MIT is “taking a quantum leap with the launch of the new MIT Quantum Initiative (QMIT), reports State House News reporter Katie Castellani. “There isn't a more important technological field right now than quantum with its enormous potential for impact on both fundamental research and practical problems,” said President Sally Kornbluth during the launch event. “QMIT will help us to ask the right questions, identify the most critical problems and create a roadmap for developing quantum solutions that are both transformative and accessible.”
Governor Maura Healey has announced a new initiative aimed at boosting the defense sector in Massachusetts, reports Katie Lannan for GBH. The Massachusetts governor noted that research institutions like MIT Lincoln Lab and Draper have been leaders in defense technology for years, and new startups in fields like AI, cybersecurity and quantum technology also aim to contribute to defense needs. “We want to work together, we want to continue these investments in bigger and stronger ways, looking to keep America secure for another 250 years,” says Healey.

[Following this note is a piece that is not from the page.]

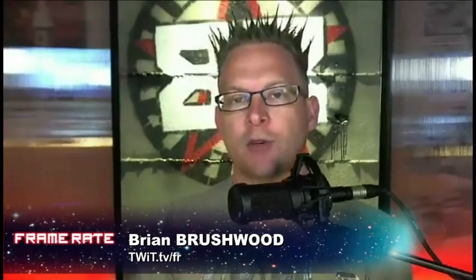A chat room member says he's in the 'no DRM' camp and doesn't think piracy is a big problem. The hosts acknowledge they're not fans of DRM either but see it as a necessary growing pain. They hope UltraViolet becomes the iTunes moment for video — iTunes had restrictive DRM but was such a massive commercial success that it eventually gave the industry leverage to abandon DRM. They'd rather have studios play ball with DRM than have piracy be the only viable option.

Researchers at MIT’s Lincoln Laboratory are developing “automated electric vessels to map the ocean floor and improve search and rescue missions,” reports Ramen Cromwell for Chronicle. "Ship-based echo sounders cover wide areas but with poor resolution, while undersea vehicles have resolution but search too slowly," says Andrew March, an assistant group leader in MIT Lincoln Laboratory’s Advanced Undersea Systems and Technology Group. "It's called a moonshot. We know less about Earth’s seabed than the moon's surface."
Vijay Gadepally, senior staff member at MIT Lincoln Lab, speaks with New York Times reporter Claire Brown about the impact of AI data centers on the electrical grid. “There’s a lot of things we can do to be better stewards of the power we currently have,” says Gadepally.
In an effort to develop non-invasive ways to treat depression, PTSD, brain tumors and other conditions, researchers from MIT Lincoln Lab are looking to better understand human consciousness, reports Steph Solis for Axios. “There's the goal to analyze how it could help understand or treat PTSD and mood disorders in veterans,” says Solis of the inspiration for this research, “and then there's the existential question that stumps neuroscientists — how does our human experience arise from brain activity?”
Noman Bashir, a fellow with the MIT Climate and Sustainability Consortium and a postdoc at CSAIL, speaks with Wired reporter Molly Taft about AI and energy consumption. Bashir explains that how quickly a model answers a question has a big impact on its energy use. “The goal is to provide all of this inference the quickest way possible so that you don’t leave their platform,” Bashir says. “If ChatGPT suddenly starts giving you a response after five minutes, you will go to some other tool that is giving you an immediate response.”
Vijay Gadepally, a senior scientist at MIT Lincoln Lab, discusses users can help conserve energy while using AI tools, reports Nicolás Rivero for The Washington Post. Gadepally notes that users can save energy by asking the AI to be concise when you don’t need long answers, as models use more energy for each word they process. “People often mistake these things as having some sort of sentience,” says Gadepally. “You don’t need to say ‘please’ and ‘thank you.’ It’s okay. They don’t mind.”
MIT researchers have developed a superconducting circuit that can increase the speed of quantum processing, reports Aamir Khollam for Interesting Engineering. “This device is a superconducting circuit designed to produce extremely strong nonlinear interactions between particles of light (photons) and matter (qubits),” explains Khollam. “This breakthrough could make operations up to 10 times faster, bringing fault-tolerant, real-world quantum computing a major step closer.”